READ | Now, you can know a WhatsApp message is original or just a forward

“We built WhatsApp as a private messaging app – a simple, secure, and reliable way to communicate with friends and family. And as we’ve added new features, we’ve been careful to try and keep that feeling of intimacy, which people say they love,” WhatsApp said in a blog post.

It said the changes would continuously evaluated to keep WhatsApp the way it was designed to be — a private messaging app.

WhatsApp has over 250 million users in India, the messenger app’s biggest market. It is also the country that has witnessed a spate of mob violence and lynching reports due to misinformation spread through WhatsApp forwards. WhatsApp has been facing increasing scrutiny due to this, and was last month asked by the government to explain its stand.

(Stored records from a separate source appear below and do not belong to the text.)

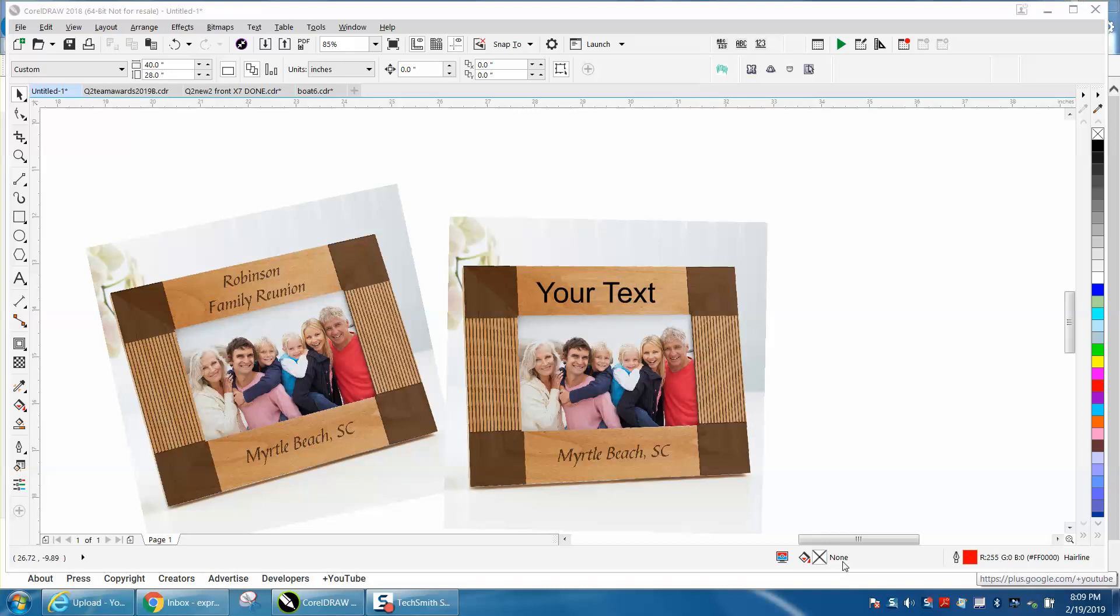Hi, it's me again with CorelDraw tips and tricks. This is my first video using Corel Paint, which I very seldom ever use. I use it for photographs and stuff.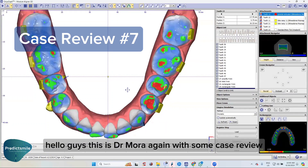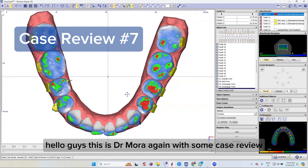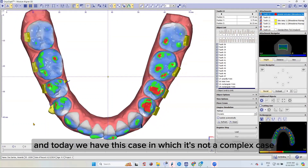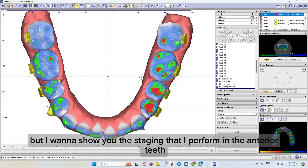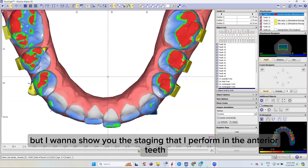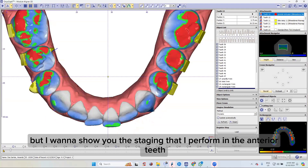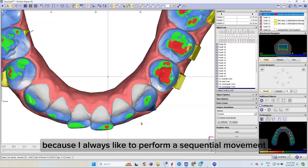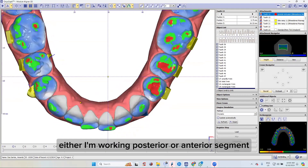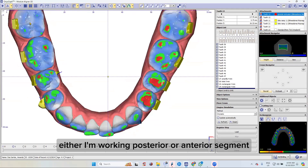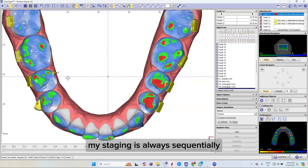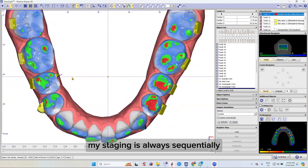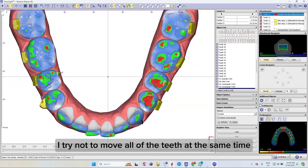Hello guys, this is Dr. Mora again with some case review. Today we have a case that's not complex, but I want to show you the staging that I perform in the anterior teeth because I always like to perform a sequential movement. Whether I'm working in the posterior or anterior segment, my staging is always sequential — I try not to move all of the teeth at the same time.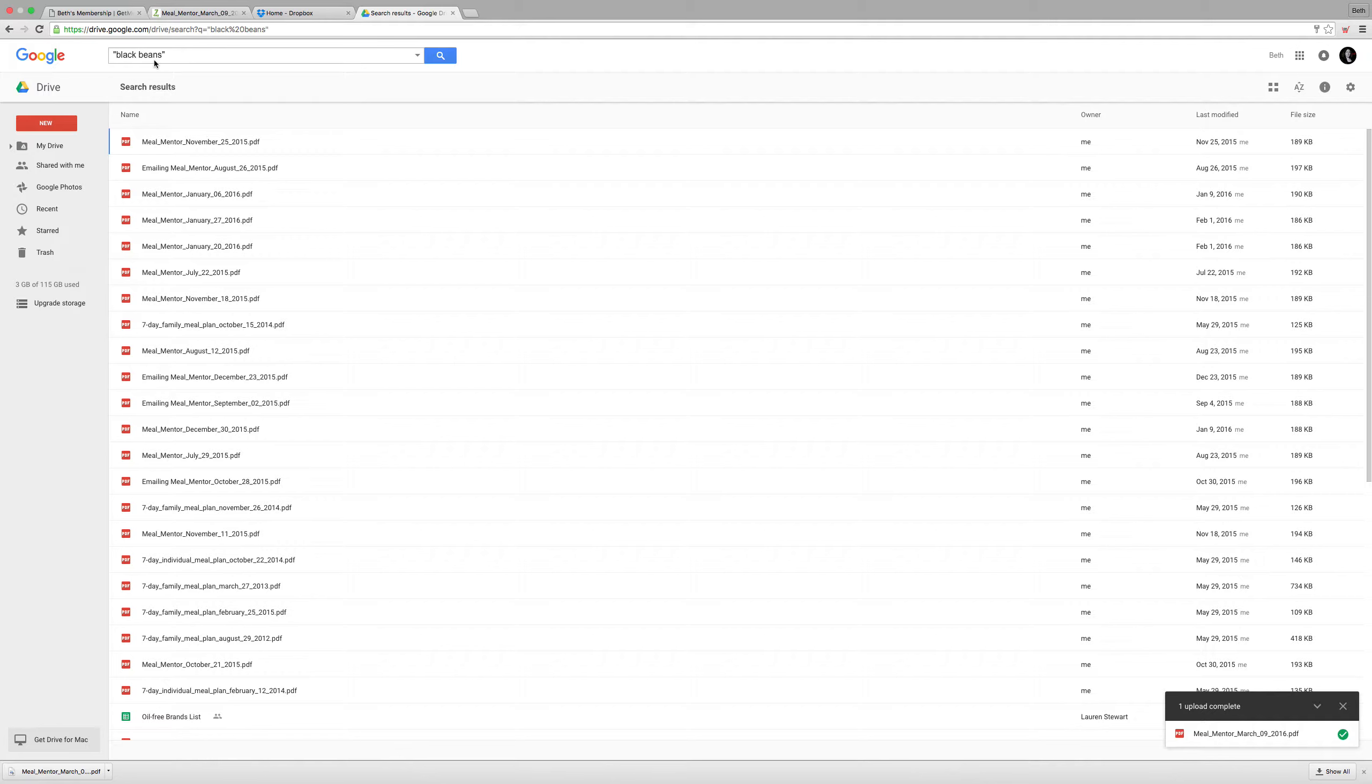So it could be things like black salt, black eyed peas, pinto beans, white beans. But if I have black beans together it'll search for those two words together.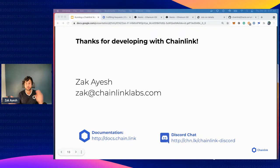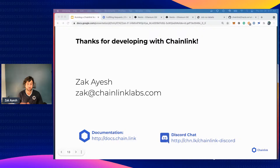That was running a Chainlink node — thanks for listening. A feedback form will be posted in the chat. Let me know how I can improve these talks, and I hope this was helpful. See you around in the hackathon.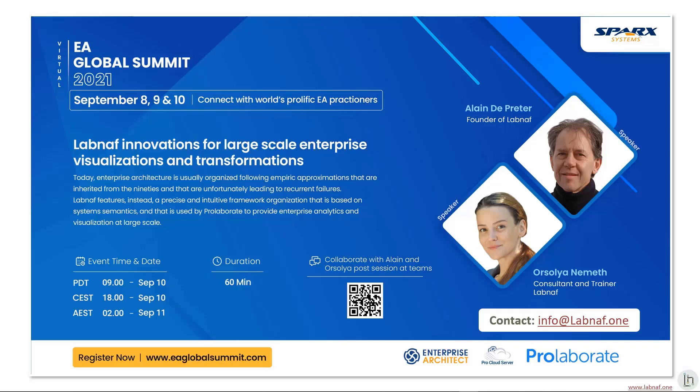Welcome everyone to Day 3 of EA Global Summit 2021. This is Juhi from EA Global Summit Organizing Team. Thanks to everyone for your time and interest in joining us for this session.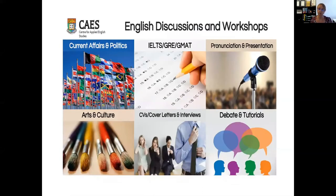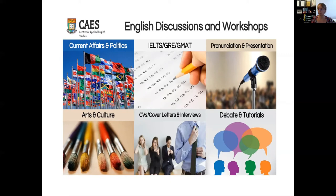The CSS also offers English discussions and workshops. Discussions might revolve around current affairs, politics, arts and culture, and you may be able to practice your debate and tutorial discussion skills. Workshops might be around language assessments such as IELTS, helping you with CVs and cover letters, interview skills, or workshops on pronunciation or presentation skills. There are many of these.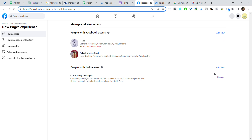Are you facing this problem? You're sending someone a Facebook page access invitation but the person is not getting a notification for it. Please watch this video — I will show you how you can access that page and accept the invitation.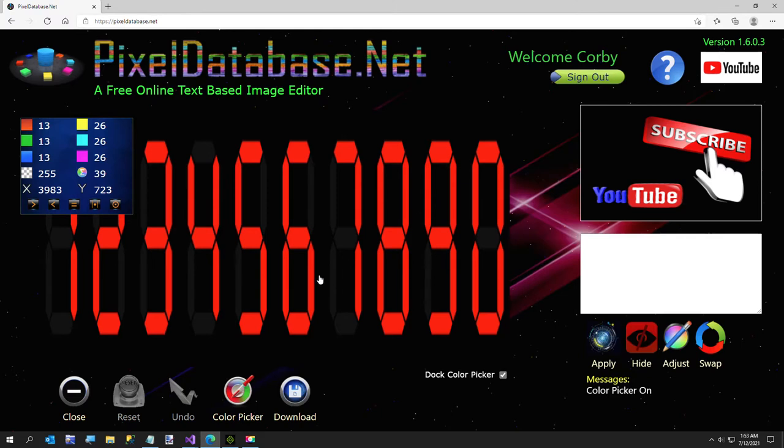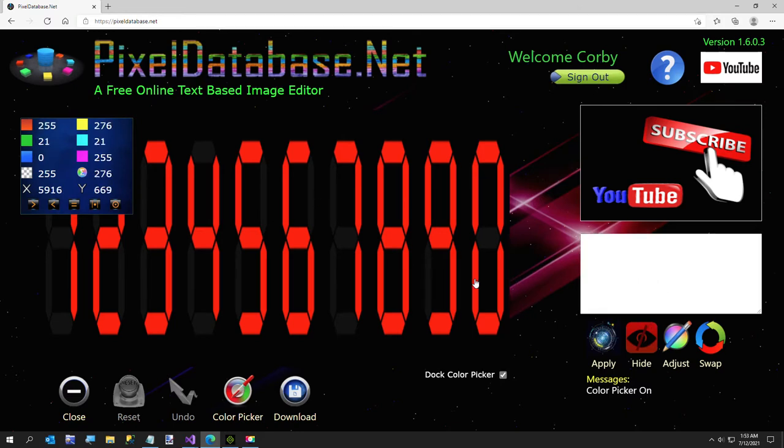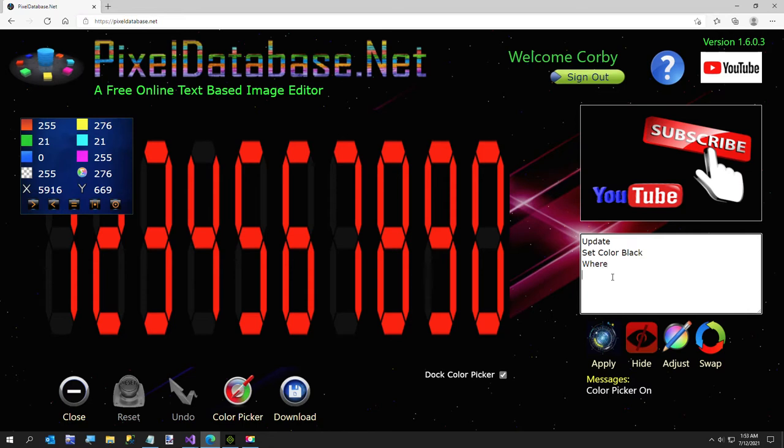So I'm going to notice that everything here is, the total is either 39 or black, or the red is quite a bit higher. So all I have to do to get rid of it is say update, set color black, where total is less than 50.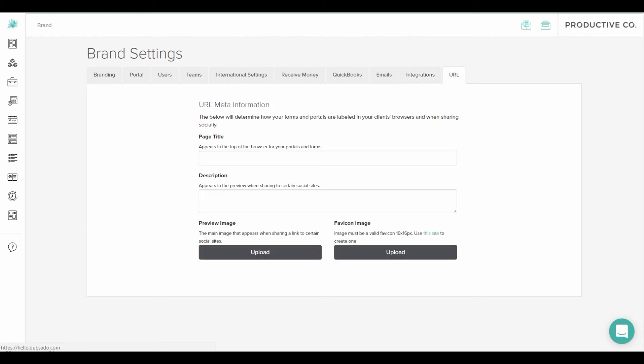And lastly there's the URL tab. This tab is for white labeling. So instead of having your clients go to Dubsado.com slash F586401 for their client portal you can have them go to an extension of your domain.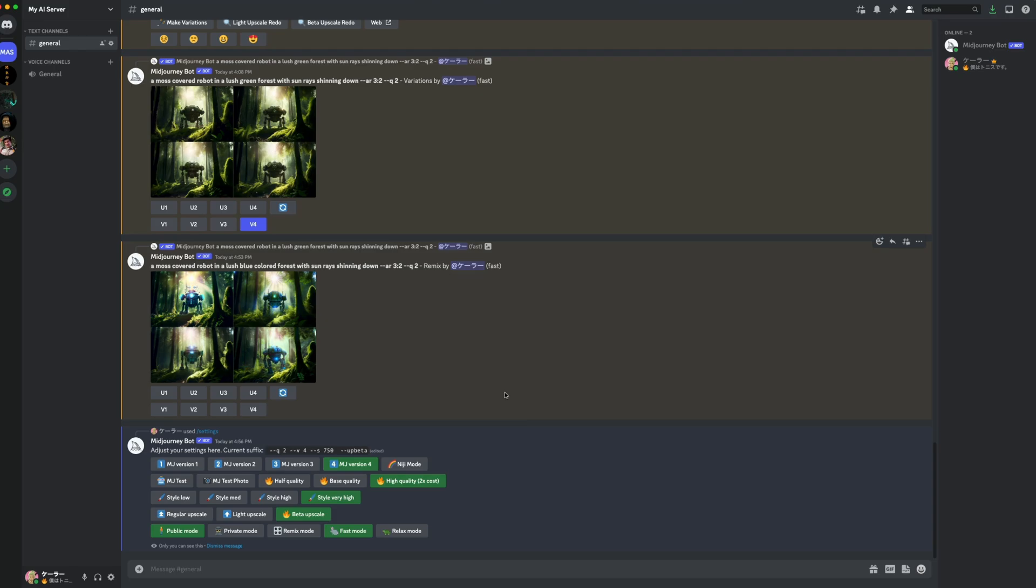So now that we've covered the settings menu, here's some other parameters that are not included in that menu that might help your generations. First up is aspect ratio. You've seen this one in my original prompt. It's dash dash AR, then space, whatever aspect ratio you want. There's a few of these.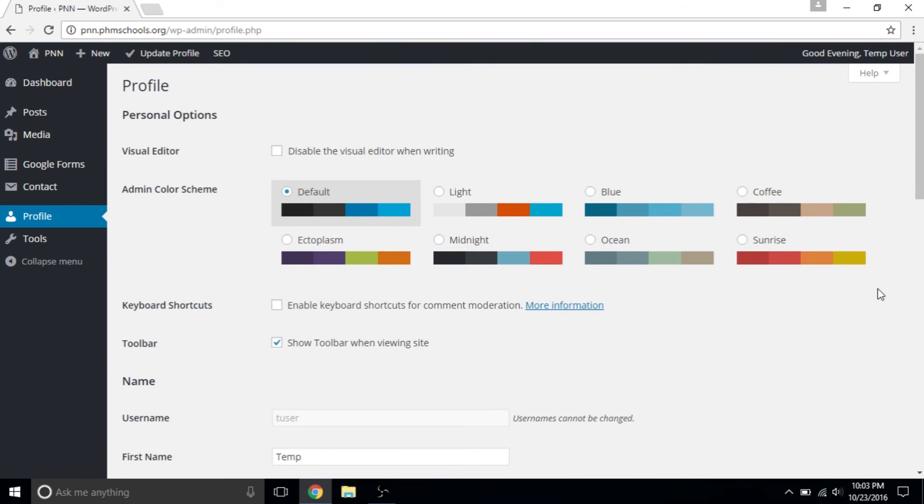That's it! You've learned how to login to the PNN website and how to customize your dashboard and your color scheme. The next tutorial will cover the post-editing interface and how to create posts. See you next time!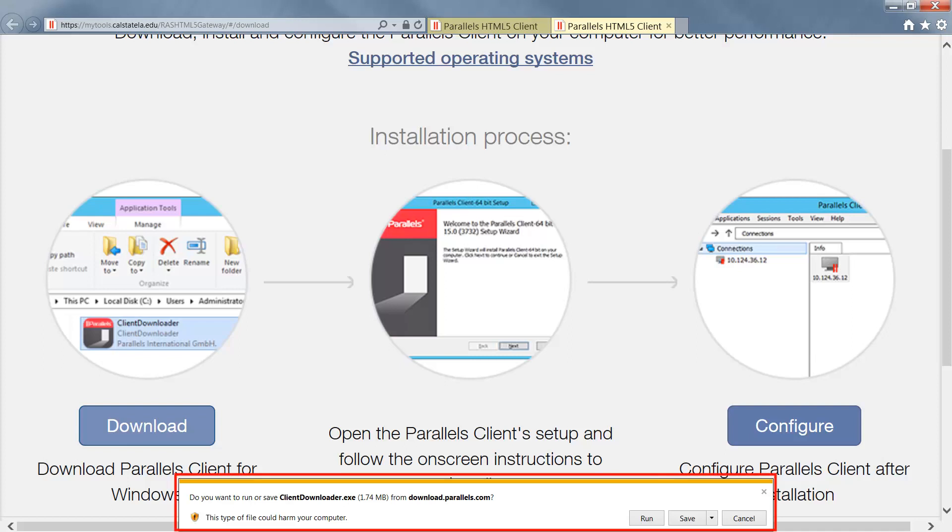A download prompt will appear for you to save the file. Once the download is complete, click Run on the ClientDownloader.exe.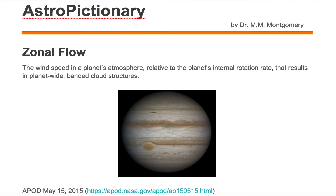Zonal flow is the wind speed in a planet's atmosphere relative to the planet's internal rotation rate that results in planet-wide banded cloud structures. This is an image of Jupiter that was posted on Astronomy Picture of the Day, May 15, 2015, and as we can see in the image, we see these banded cloud structures.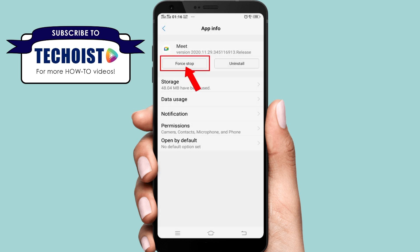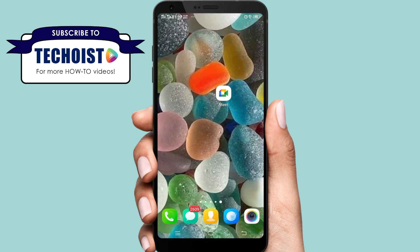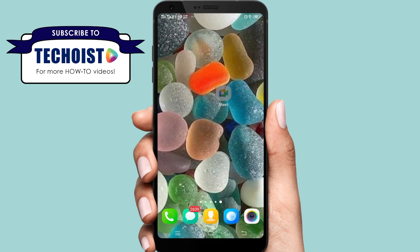Tap on the Force Stop button. Tap on OK. Finally, go back and open the Google Meet app.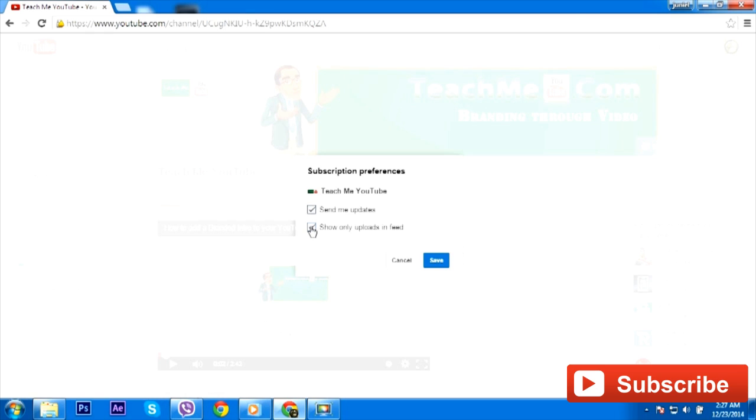And a lot of your subscribers are going to do that, and that actually shows up in the feed. So if you want to see uploads only, just go ahead and select this preference.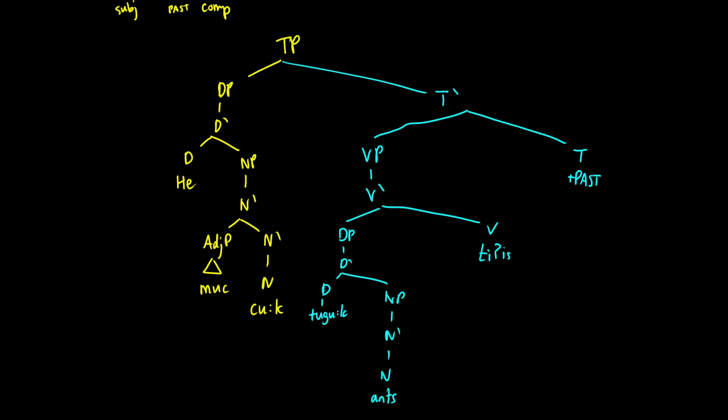Where first we get the subject, then we get the object, and then we're going to get the verb.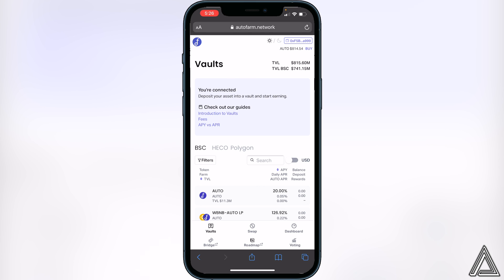I really hope I was able to help you guys out showing you how to connect your Trust Wallet to the AutoFarm Network. If this video did help you out, be sure to leave a like on the video and subscribe for more. Thanks for watching.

In a letter to the Ministry of Electronics and Information Technology (MeITY), the company had written that it was horrified by the reports of violence in the country, and soon announced new steps to curb the spread of misinformation.

It recently introduced a feature that enabled users to know if a WhatsApp message received by them is an original post or just a forward. It has started labelling messages as ‘Forwarded’ to indicate that the message was not created by the sender.

WhatsApp also took out advertisement campaigns in Indian newspapers on the steps taken to fight the spread of fake news.